What: Opportunity to view and comment on proposed council districts as redistricting process continues
When: 6 p.m. Monday
Where: Bethel African Methodist Episcopal Church, 900 Mill St., Gainesville
More info: The Rev. Rose Johnson-Mackey, 678-698-4934, or the Newtown Florist Club, 770-718-1343

Community members will get an extra opportunity Monday to look over and comment on proposed City Council district lines.

"A lot of people are not familiar with redistricting, the language of it, the process of it, the importance of it," said the Rev. Rose Johnson-Mackey, who is chairwoman of Region 1 of the Northeast Georgia Black Leadership Council-Gainesville. "Having knowledge of this process is essential."

The meeting, hosted by the council and the Newtown Florist Club, is set for 6 p.m. at the Bethel African Methodist Episcopal Church on Mill Street in Gainesville. Council members Ruth Bruner, Myrtle Figueras, Bob Hamrick and George Wangemann have agreed to attend. City Clerk Denise Jordan will lead a presentation of the proposed redistricting map.
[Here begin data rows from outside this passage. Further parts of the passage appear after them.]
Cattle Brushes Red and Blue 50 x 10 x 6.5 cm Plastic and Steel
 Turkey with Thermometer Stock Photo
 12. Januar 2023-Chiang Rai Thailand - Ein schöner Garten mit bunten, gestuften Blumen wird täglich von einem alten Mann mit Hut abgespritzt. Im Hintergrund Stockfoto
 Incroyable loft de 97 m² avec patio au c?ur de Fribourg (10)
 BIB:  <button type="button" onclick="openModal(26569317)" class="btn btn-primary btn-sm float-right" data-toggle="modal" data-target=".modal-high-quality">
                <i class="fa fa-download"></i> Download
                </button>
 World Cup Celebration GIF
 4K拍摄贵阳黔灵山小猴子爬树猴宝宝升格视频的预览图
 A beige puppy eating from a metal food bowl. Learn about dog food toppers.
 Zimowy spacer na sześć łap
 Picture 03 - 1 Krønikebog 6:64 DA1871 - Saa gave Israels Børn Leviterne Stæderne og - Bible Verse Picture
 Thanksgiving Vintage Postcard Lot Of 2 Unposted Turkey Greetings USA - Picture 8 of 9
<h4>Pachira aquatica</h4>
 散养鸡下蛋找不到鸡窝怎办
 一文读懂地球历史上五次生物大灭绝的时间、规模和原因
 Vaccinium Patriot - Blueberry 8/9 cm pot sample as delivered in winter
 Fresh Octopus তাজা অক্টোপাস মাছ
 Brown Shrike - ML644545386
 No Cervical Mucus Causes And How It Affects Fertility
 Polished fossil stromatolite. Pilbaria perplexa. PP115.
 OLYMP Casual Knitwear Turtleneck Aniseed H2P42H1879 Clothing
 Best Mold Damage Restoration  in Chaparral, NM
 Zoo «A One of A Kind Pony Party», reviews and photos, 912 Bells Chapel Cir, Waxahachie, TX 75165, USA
Wards 3, 4 and 5 have sizable minority populations, and since the proposed map was drawn, council members and school board members have been watching the redistricting lines and population shifts within their districts.

The proposed map dramatically shrinks Ward 4, which experienced a population boom over the last decade.

It also shifts the city's Hispanic population into Wards 3, 4 and 5, while the black population in Ward 3 would decrease.

The proposed map must be approved in preclearance by the U.S. Department of Justice as part of the Voting Rights Act to make sure the lines don't weaken the strength of minority votes.

"Ward 3 is where the concentration of blacks in Gainesville have always lived," said Figueras, who represents the ward. "They wanted to be sure that ward is kept as much intact as possible."

In 2006, the act was amended to include language minorities like Hispanics.

The maps also affect school board members, who are elected by district, while City Council members are elected by the city as a whole.

Even though council members are elected at large, it's still important each ward supports its council member, and that each council member represents his or her ward, Johnson-Mackey said.

"They want the support from the people where they live," she said.

She added the maps will be in place for the next decade, and voting might change. If it does, those likes make a difference.

"It's still important to pay attention to how these districts are drawn," she said.

The goal is to have one map for both the school board and City Council, but that option may not be in the cards.

On Thursday school board members met with Linda Meggers, formerly of the Georgia General Assembly's Reapportionment Office, and council members to consider adjusting lines on the proposed map.

Meggers also discussed going back to the current map and changing lines to suit the needs of the school board members' constituents.

The school board wanted to rework the current map.

The City Council and school board could have different district maps but Meggers advised them to try to use the same map.